- _EXERCISE OBJECTIVE_
Repeat verbatim, and only, the lines of the data below, beginning at the line that contains "Produktbild von Urbanista" and stopping after the line that contains "PUBG Mobile 5".

[Start of section]

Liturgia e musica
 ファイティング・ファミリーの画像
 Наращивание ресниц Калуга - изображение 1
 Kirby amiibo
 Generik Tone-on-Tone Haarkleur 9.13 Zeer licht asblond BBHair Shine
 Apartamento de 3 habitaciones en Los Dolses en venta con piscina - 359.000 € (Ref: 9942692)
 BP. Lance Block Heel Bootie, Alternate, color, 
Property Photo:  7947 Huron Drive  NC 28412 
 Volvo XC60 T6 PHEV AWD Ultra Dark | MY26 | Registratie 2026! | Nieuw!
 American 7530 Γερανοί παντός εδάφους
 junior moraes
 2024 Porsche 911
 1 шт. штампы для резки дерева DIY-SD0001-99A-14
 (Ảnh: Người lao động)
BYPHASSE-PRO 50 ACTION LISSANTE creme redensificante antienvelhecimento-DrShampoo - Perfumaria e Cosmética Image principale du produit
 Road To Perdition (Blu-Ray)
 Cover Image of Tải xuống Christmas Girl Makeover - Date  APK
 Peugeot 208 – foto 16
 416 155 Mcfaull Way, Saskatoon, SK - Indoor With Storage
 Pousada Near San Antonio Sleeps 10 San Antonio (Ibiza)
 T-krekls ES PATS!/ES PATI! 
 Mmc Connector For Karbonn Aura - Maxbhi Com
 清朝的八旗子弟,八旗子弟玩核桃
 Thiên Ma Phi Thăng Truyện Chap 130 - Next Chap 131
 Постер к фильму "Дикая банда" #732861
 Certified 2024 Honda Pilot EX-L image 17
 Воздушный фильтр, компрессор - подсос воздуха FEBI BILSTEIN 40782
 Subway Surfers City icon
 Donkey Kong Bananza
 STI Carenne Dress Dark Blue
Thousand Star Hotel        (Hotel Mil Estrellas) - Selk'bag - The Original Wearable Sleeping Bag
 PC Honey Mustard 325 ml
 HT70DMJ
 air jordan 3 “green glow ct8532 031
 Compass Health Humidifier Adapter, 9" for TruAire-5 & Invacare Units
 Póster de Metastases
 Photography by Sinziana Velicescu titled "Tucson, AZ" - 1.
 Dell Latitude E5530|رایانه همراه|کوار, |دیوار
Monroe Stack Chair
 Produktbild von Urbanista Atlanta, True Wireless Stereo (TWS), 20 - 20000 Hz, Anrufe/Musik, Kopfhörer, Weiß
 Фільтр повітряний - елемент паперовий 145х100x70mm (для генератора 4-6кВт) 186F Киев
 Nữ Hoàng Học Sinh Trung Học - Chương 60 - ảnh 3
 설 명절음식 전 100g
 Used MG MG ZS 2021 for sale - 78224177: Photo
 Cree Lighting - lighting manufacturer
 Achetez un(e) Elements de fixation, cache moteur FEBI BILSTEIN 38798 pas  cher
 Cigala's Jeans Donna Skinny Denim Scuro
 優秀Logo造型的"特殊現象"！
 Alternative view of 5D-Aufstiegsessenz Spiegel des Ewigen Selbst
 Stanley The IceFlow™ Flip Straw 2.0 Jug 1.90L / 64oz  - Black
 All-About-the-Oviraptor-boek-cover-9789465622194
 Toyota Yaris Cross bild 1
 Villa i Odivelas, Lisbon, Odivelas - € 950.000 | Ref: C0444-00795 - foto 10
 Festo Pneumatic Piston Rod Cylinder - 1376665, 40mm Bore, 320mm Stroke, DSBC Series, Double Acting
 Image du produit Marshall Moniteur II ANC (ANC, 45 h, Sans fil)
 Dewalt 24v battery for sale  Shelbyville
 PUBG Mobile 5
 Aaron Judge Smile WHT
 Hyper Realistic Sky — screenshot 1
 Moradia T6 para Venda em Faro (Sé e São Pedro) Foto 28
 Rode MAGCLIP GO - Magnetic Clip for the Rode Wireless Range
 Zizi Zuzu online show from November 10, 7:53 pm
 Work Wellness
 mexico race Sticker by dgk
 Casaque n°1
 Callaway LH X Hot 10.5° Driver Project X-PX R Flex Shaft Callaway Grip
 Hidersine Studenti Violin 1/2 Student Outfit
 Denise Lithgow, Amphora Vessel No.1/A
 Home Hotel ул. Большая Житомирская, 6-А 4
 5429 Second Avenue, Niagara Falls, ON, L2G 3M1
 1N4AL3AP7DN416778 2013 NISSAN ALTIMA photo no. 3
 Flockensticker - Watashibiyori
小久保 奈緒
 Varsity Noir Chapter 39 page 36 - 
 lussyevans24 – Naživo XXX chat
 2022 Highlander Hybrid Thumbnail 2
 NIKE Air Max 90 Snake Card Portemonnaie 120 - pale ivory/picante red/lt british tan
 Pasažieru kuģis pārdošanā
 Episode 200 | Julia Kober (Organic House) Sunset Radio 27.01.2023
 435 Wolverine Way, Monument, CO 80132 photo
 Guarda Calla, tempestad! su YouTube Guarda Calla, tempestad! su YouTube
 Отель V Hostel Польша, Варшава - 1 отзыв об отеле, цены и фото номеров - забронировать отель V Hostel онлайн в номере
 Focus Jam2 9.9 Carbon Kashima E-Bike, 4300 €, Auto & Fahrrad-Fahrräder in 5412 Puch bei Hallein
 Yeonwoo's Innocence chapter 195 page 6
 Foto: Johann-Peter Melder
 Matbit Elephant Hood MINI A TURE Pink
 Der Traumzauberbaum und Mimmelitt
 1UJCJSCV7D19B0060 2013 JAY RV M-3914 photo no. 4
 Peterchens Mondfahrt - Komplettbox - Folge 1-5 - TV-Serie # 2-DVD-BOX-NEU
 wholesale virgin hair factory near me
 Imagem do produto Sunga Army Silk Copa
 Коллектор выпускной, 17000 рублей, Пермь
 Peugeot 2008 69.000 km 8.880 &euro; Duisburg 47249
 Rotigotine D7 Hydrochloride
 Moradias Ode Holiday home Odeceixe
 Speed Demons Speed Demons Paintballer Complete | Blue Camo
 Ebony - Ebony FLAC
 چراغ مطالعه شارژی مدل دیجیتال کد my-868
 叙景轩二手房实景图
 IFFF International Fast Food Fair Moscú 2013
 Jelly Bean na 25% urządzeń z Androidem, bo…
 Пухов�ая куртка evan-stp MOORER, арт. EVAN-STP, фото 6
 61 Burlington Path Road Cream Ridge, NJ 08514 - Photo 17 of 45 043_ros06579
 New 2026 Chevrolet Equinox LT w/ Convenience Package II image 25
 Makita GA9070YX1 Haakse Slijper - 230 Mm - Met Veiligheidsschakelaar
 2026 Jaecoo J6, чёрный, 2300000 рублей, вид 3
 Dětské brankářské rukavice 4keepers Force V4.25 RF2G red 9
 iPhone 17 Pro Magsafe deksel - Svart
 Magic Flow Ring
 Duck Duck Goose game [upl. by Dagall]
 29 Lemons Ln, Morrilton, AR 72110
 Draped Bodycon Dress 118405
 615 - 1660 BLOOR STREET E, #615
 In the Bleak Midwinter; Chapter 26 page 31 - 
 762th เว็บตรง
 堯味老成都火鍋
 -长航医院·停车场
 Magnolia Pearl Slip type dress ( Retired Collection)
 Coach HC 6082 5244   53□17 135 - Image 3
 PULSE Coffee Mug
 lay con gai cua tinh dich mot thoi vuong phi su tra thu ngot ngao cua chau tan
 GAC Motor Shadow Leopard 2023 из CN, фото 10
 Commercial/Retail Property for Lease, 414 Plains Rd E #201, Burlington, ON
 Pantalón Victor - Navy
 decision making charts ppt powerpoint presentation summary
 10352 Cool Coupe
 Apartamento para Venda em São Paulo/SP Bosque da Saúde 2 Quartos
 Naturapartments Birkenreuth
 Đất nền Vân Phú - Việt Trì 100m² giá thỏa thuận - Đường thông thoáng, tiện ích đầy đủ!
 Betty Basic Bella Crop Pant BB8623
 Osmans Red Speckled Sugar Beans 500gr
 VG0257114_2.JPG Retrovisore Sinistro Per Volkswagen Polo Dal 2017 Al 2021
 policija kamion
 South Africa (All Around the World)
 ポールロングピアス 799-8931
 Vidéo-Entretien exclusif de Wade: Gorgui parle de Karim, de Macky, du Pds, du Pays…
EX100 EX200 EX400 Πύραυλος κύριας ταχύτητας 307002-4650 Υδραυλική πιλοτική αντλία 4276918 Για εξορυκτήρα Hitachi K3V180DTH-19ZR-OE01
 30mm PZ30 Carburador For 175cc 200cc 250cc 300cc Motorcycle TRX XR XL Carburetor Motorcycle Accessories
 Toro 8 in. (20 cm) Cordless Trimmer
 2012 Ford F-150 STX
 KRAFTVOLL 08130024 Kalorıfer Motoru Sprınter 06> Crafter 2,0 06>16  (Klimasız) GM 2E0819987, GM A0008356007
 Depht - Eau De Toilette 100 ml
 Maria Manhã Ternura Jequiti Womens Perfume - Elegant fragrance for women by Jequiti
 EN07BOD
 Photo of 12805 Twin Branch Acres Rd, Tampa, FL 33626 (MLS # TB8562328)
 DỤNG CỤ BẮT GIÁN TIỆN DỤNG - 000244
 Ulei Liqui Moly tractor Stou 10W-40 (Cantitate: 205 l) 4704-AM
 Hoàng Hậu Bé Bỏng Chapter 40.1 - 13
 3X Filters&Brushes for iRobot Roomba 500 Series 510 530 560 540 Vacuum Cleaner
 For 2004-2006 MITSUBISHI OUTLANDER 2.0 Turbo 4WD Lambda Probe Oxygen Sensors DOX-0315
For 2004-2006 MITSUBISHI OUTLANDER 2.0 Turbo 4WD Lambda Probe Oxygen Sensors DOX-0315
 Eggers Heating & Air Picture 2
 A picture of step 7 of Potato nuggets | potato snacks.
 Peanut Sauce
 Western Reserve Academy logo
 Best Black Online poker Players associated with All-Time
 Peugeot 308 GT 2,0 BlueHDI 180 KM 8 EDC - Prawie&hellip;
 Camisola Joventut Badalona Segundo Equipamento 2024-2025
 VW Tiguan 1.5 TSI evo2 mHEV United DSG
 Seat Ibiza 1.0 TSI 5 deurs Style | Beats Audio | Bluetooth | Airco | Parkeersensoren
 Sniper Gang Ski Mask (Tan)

[End of section]

- _SOLUTION TO THIS PROBLEM_
 Produktbild von Urbanista Atlanta, True Wireless Stereo (TWS), 20 - 20000 Hz, Anrufe/Musik, Kopfhörer, Weiß
 Фільтр повітряний - елемент паперовий 145х100x70mm (для генератора 4-6кВт) 186F Киев
 Nữ Hoàng Học Sinh Trung Học - Chương 60 - ảnh 3
 설 명절음식 전 100g
 Used MG MG ZS 2021 for sale - 78224177: Photo
 Cree Lighting - lighting manufacturer
 Achetez un(e) Elements de fixation, cache moteur FEBI BILSTEIN 38798 pas  cher
 Cigala's Jeans Donna Skinny Denim Scuro
 優秀Logo造型的"特殊現象"！
 Alternative view of 5D-Aufstiegsessenz Spiegel des Ewigen Selbst
 Stanley The IceFlow™ Flip Straw 2.0 Jug 1.90L / 64oz  - Black
 All-About-the-Oviraptor-boek-cover-9789465622194
 Toyota Yaris Cross bild 1
 Villa i Odivelas, Lisbon, Odivelas - € 950.000 | Ref: C0444-00795 - foto 10
 Festo Pneumatic Piston Rod Cylinder - 1376665, 40mm Bore, 320mm Stroke, DSBC Series, Double Acting
 Image du produit Marshall Moniteur II ANC (ANC, 45 h, Sans fil)
 Dewalt 24v battery for sale  Shelbyville
 PUBG Mobile 5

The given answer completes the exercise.